**Image-text web data**
*** Begin section ***

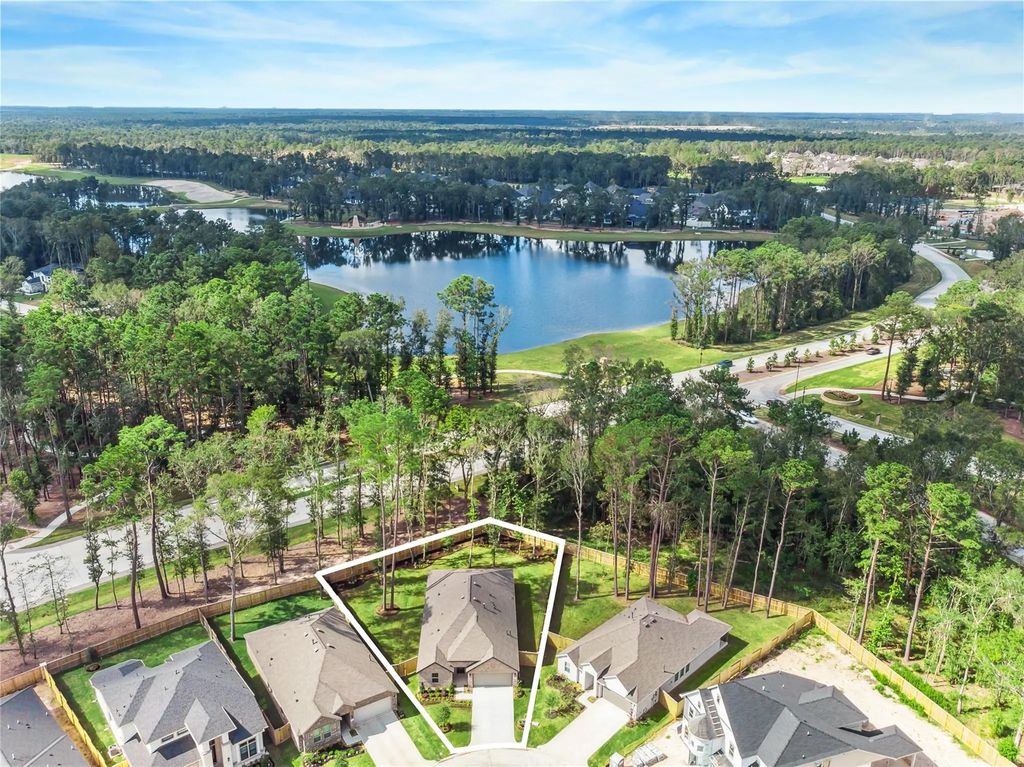 8206 Boundary Waters Drive, Porter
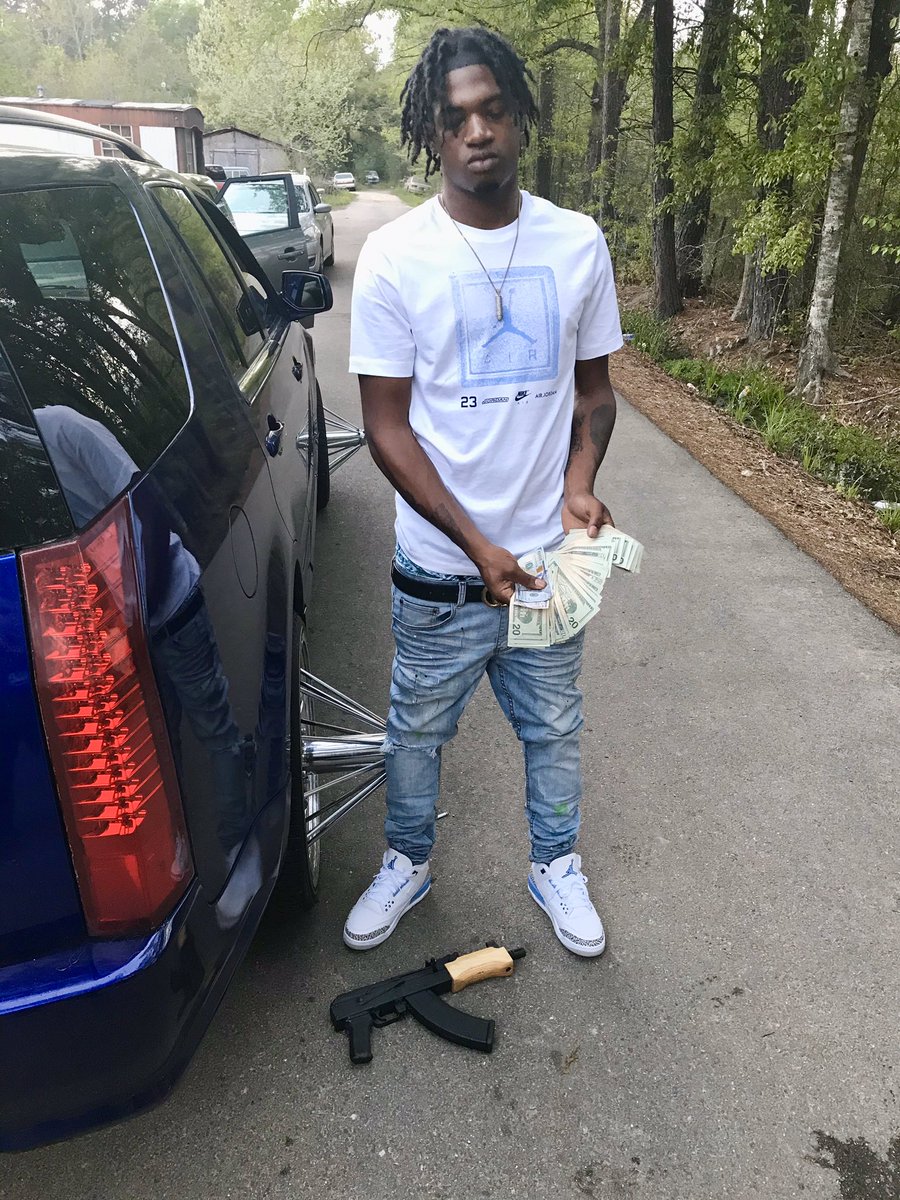 BareFaceJeezyy's tweet photo. Playing With The Starting 5 Ian No 6 Guy 🥶7️⃣ #FreeLF⛓💙 #LLQ🕊🤍 https://t.co/v6GIudkN6X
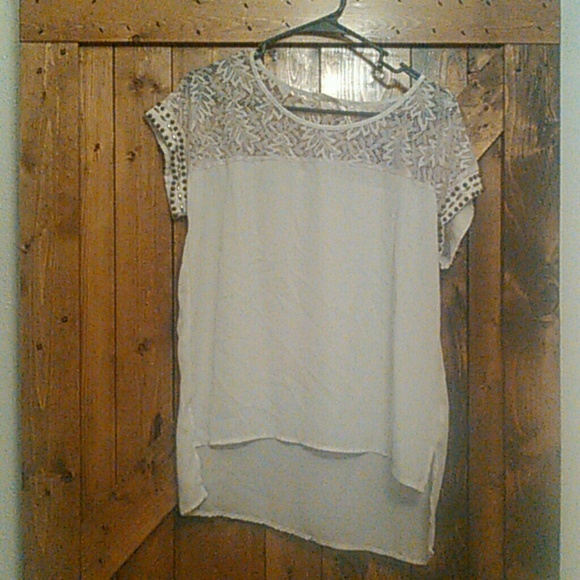 Tops - White blouse.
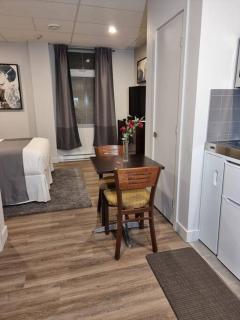 Cozy Sweet Studio #3. Ten min to D.T Ottawa - 6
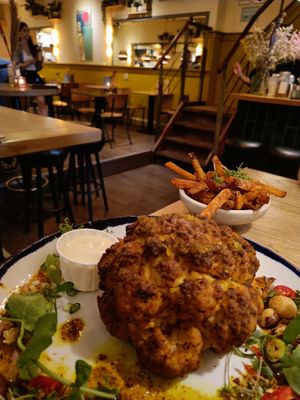 Cauliflower, with accompanying sweet potato fries at Zeta in The Hague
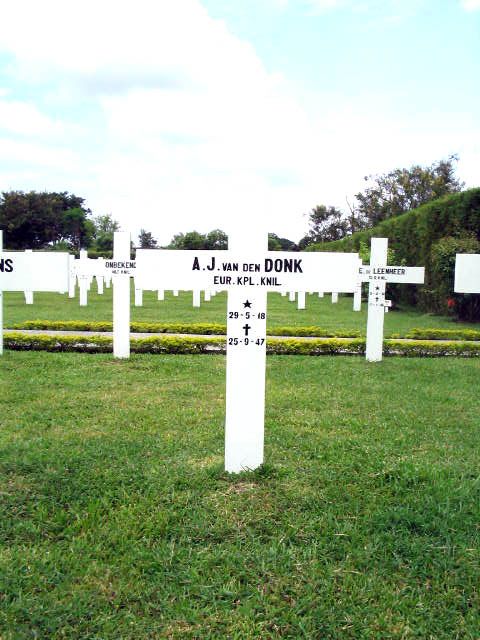 Afbeelding van graf of monument van Antonius Johannes van den Donk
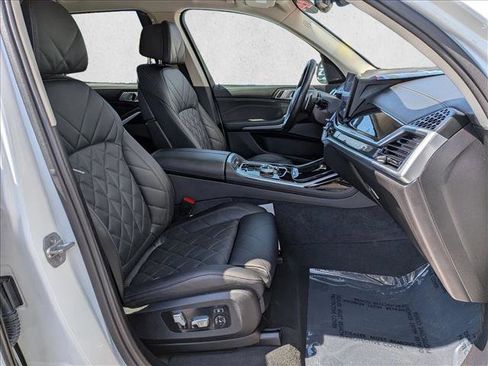 Used 2024 BMW X7 xDrive40i w/ Premium Package AWD/4WD image 22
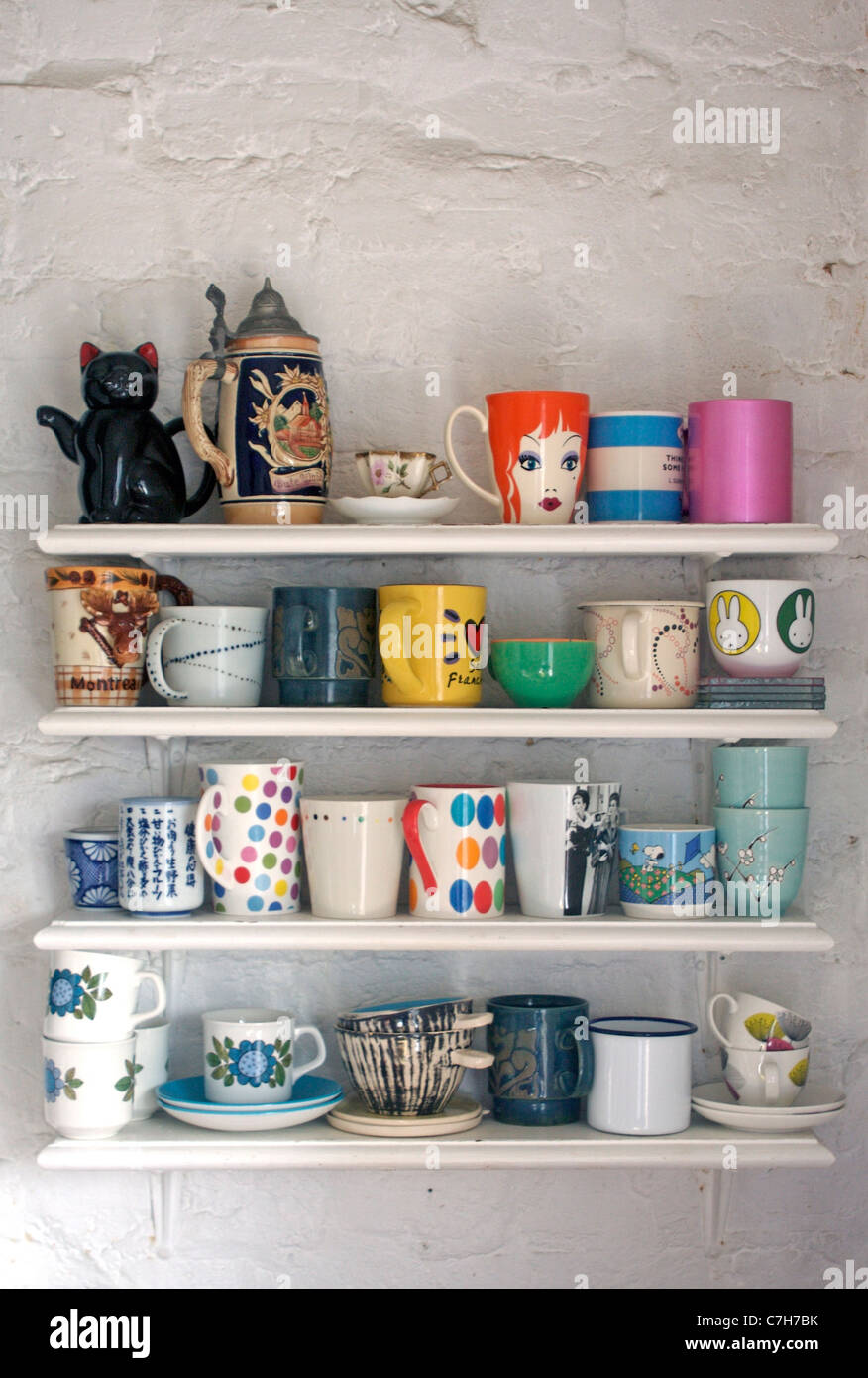 Drapeau de Bavière, mugs avec bière et bretzels sur table en bois vert  Photo Stock - Alamy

*** End section ***

**ASSIGNED TASK**
The copy must include every record exactly and none of the pictures.

**OUTPUT OF THE EXERCISE**
 8206 Boundary Waters Drive, Porter
 BareFaceJeezyy's tweet photo. Playing With The Starting 5 Ian No 6 Guy 🥶7️⃣ #FreeLF⛓💙 #LLQ🕊🤍 https://t.co/v6GIudkN6X
 Tops - White blouse.
 Cozy Sweet Studio #3. Ten min to D.T Ottawa - 6
 Cauliflower, with accompanying sweet potato fries at Zeta in The Hague
 Afbeelding van graf of monument van Antonius Johannes van den Donk
 Used 2024 BMW X7 xDrive40i w/ Premium Package AWD/4WD image 22
 Drapeau de Bavière, mugs avec bière et bretzels sur table en bois vert  Photo Stock - Alamy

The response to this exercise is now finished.